No olive left behind
    Yesterday, our ten pickers produced six full crates of olives from about ten trees, 10% of what we need to accomplish this week. Today, after a good dinner and solid night's sleep, we expect to fill many more of those green, red and yellow plastic boxes. We still have  the old wooden olive crates used in the old days, but have turned them into kitchen cabinets -- they are so heavy empty it's hard to imagine moving them full of olives.
La Signora picks the leave from her family's olive harvest
     Since food is an integral part of any Italian experience, especially a culinary trip, we offered a "workers'" lunch of fresh minestrone with parmesan and olive oil, salumeria from Norcia (prosciutto, salami), Stilton cheese brought by a friend from England, mozzarella, and a variety of fresh baked breads. There was the endless flow of Omero's garage wine, of course, and a polenta torta, citrus crostata and mandarini for dessert. After a cup of coffee we hit the trees again to work off lunch; we have to begin thinking of dinner.
      Standing amid the olives at La Casetta Rosa, we could hear our neighbors picking their trees further down in the valley. The rythmic cadence of Umbrian-style Italian conversation drifted up our way on the breeze -- they must have listened to us speaking English with accents tinged with Italian, Dutch, American Southern, English, and Namibian origins. We were all doing the same thing: picking olives while talking about our lives, our children and grandchildren, our gardens. In our group there was also talk of test driving Ferraris, future trips, and the anticipation of eating tonight at Le Noci, our favorite restaurant in Grutti.
     At Le Noci, Il Magnifico wrote down the orders ad La Principessa recited the menu. This is not required of all diners, of course, but since we have the fare memorized, we can cut out minutes from the process by presenting the server with a fait accompli -- in Italian. This ensures appreciation from Danielle and the ladies in the kitchen, who send out food out in some kind of reasonable order.
     Old favorites on the table last night included were fazzoletti (triangular ravioli stuffed with ricotta and topped with panna (cream) and fresh shaven truffles, strongozzi with truffles, gnocchi stuffed with porcini, tagliata (sliced grilled beef steak) topped with fresh arugula and balsamic vinegar, stewed cinghiale (wild boar), capriolo (venison), and veal prime rib. All this was followed by tiramisu, bavarese, creme Portuguese, and fresh baked cookies with Sagrantino Passito.
     It's 6:30 a.m. on Monday now and still dark outside. There is some stirring upstairs, so the pickers must be awake. After a quick cup of coffee, we will be back out in the piantoni (big plants -- local name for olive trees). Their picking sessions will be bookended with a coffee break in the field, a farmer's lunch in the kitchen, and tonight's dinner at Frontini, an agriturismo which, by law, serves a menu made up almost entirely of their own or nearby production.
     Olivistas Arise! Day Two has begun.
Copyright 2010 Sharri Whiting

Wednesday, April 28, 2010

Stalking the Wild Asparagus, not just reading about it

The late Euell Gibbons, probably the original locavore writer, wrote a book in 1962 called Stalking the Wild Asparagus. It was a folksy, humorous take on the recognition, gathering, preparation and use of the natural health foods that grow wild in almost every area. I found the title hilarious and it has stayed with me all my life.

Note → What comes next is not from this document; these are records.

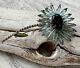 Vintage Unsigned Pleated Prong Set Aquamarine Flower Stones Silver Schreiner #24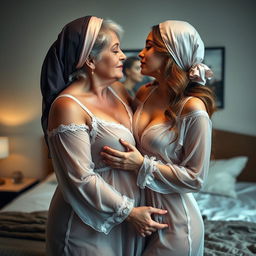 A sensual and intimate scene featuring two women in a bedroom
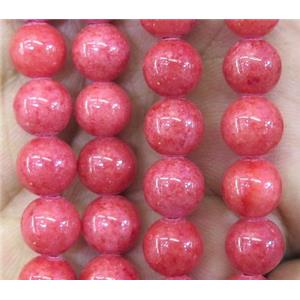 Persia jade bead, round, stabile, deep-red, 14mm dia, approx 28pcs per st [JDRD339-14MM]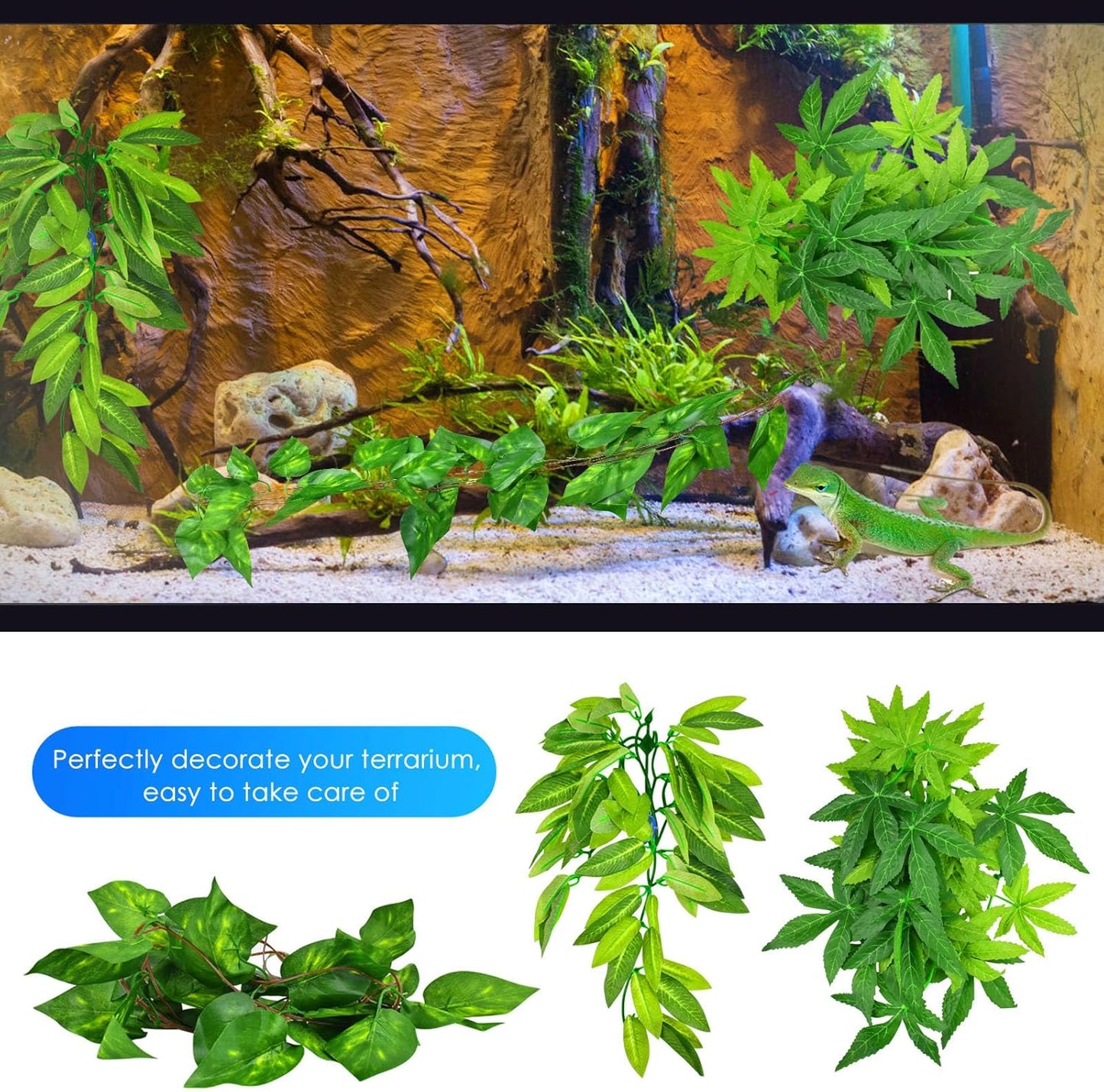 Reptile Plants, 3 PCS Amphibian Hanging Plants with Suction Cup for Snake, Bearded Dragons, Lizards, Geckos, Toads, Hermit Crab Tank Pets Habitat Decorations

Fast forward a lot of years to Spring 2010. We are living in Umbria. We know there are asparagi growing out there in the woods because here and there we think we can see the ferny/thorny looking plants which produce the thin succulent shoots we want to harvest. The hardware stores are full of long forceps-like tools, which both snip and hold the tender spears until they make it into your bag.

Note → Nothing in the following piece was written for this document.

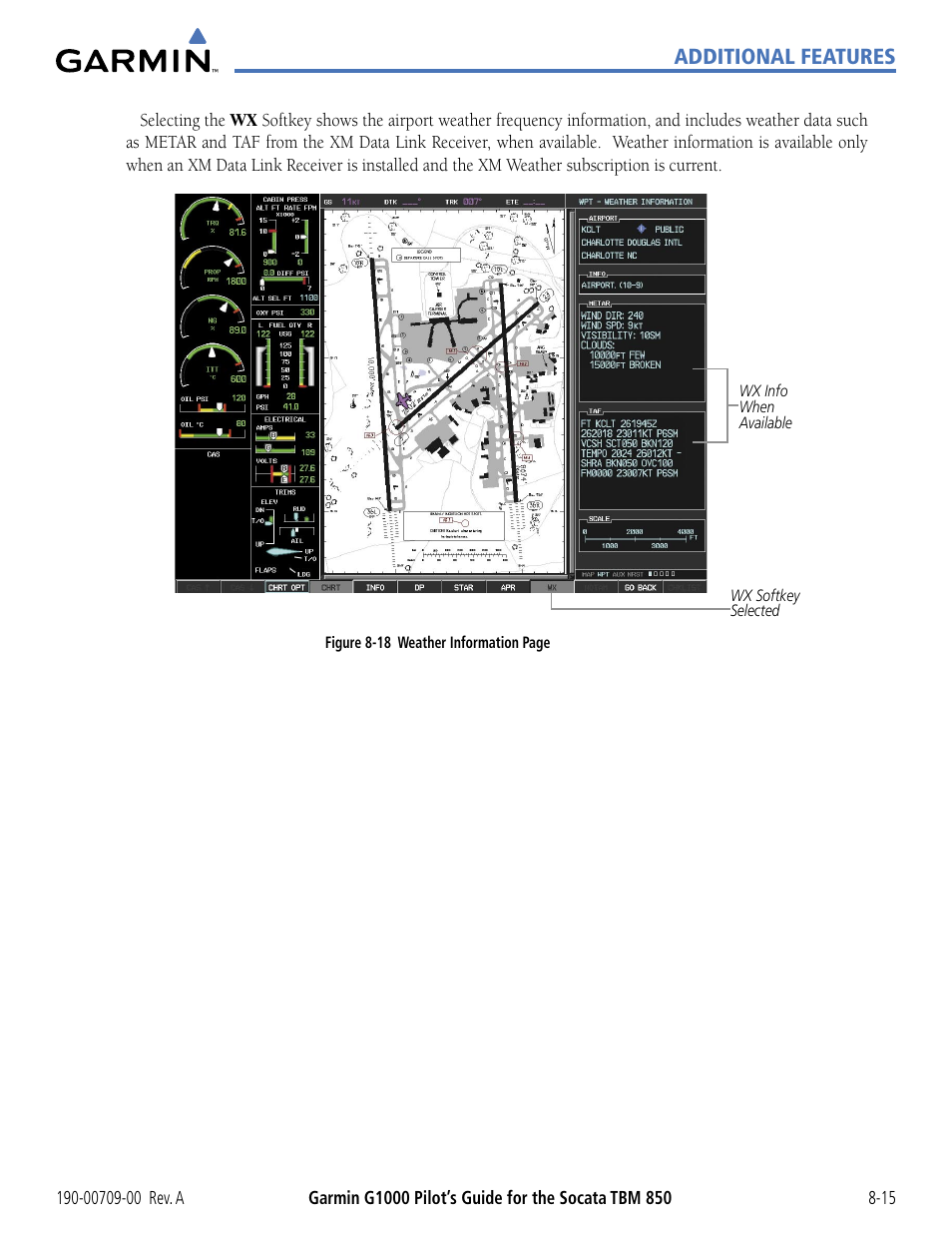 Additional features | Garmin G1000 Socata TBM 850 User Manual | Page 447 / 542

I'm not sure what to do or where to look, but I am determined that this will be the spring when I stalk the wild asparagus. Fidelma, my Irish friend, calls to invite me over for an asparagus hunt -- she has been given a gathering lesson by her giardiniere. We put on boots (in case the snakes are waking up from their winter hibernation) and gloves (to protect us from thorns), sling grocery bags over our shoulders, take up our "sticks" and we're off to her 5-acre backyard.

A veteran asparagus picker (this is her second time), Fidelma spots the almost invisible shoots immediately. I stand there squinting into the dappled shade of the underbrush,  trying to decide if this is a pursuit that requires sunglasses or not. I don't see a single thing that looks like an asparagus spear.

Fidelma looks over my shoulder and cries,"There's one! Get it!" I take off my sunglasses and get down on all fours, bottom in the air, and peer toward the ground. Finally, I see a very slender, dark green-purple stalk. I have found my first asparagus. I have become a hunter/gatherer.

We rummage around in the bushes for another hour or so, catching our hair in tree limbs, stumbling over roots, gradually filling up our Sidis bags with wild asparagus. Finally we each have enough to make asparagus pasta for dinner. We stand up and survey the landscape, which stretches in undulating green waves to Todi and, beyond, to Orvieto. Hilltop castles and medieval villages are silhouetted against the sky, where they have stood guard for centuries. No doubt their occupants enjoyed a plate or two of asparagus pasta in the springs of 1210 or 1610, just as we will in 2010. To us, being locavores doesn't only mean eating what's available locally in season. It also allows us to join hands with a tradition that goes back to the beginning of time in these ancient hills.
We emerge from the woods with muddy boots, dirty jackets, and with treasure. That night, we both cooked asparagus pasta like this:

Use your favorite pasta: spaghetti, tagliatelle, penne, rigatoni.
While the pasta cooks in salted boiling water,
wash and snap off the ends of the asparagus where they break naturally.
Cut or break the remainder of the asparagus into pieces, reserving the tips.
Make a soffritto of olive oil, a little peperoncino (crushed red pepper) and garlic (some people use onion, while others add a bit of chopped bacon); add some white wine.
Add the pieces of asparagus, leaving the tips until the last five minutes, as they cook faster.
Simmer the sauce for about ten minutes or until the pasta is cooked.
Put a few chunks of butter in the bottom of the pasta bowl.
Drain and put the cooked pasta in the bowl.
Pour the asparagus mixture over the pasta and mix together. Add more olive oil if necessary.
Serve.
Eat.

Copyright 2010 Sharri Whiting


Friday, February 19, 2010

Life's overarching moments



  


     There is an overarching theme to life here at Yellow House: someday, Lord willing, we will finish restoring this casa colonica. As we did for a decade down the road at La Casetta Rosa, we pick one project to do every year. We are unwilling to experience the unabated nightmare of construction for longer than six weeks at time. After that, it won't matter how long it takes because we will no longer be living at Yellow House: we will be moved into the closest asylum.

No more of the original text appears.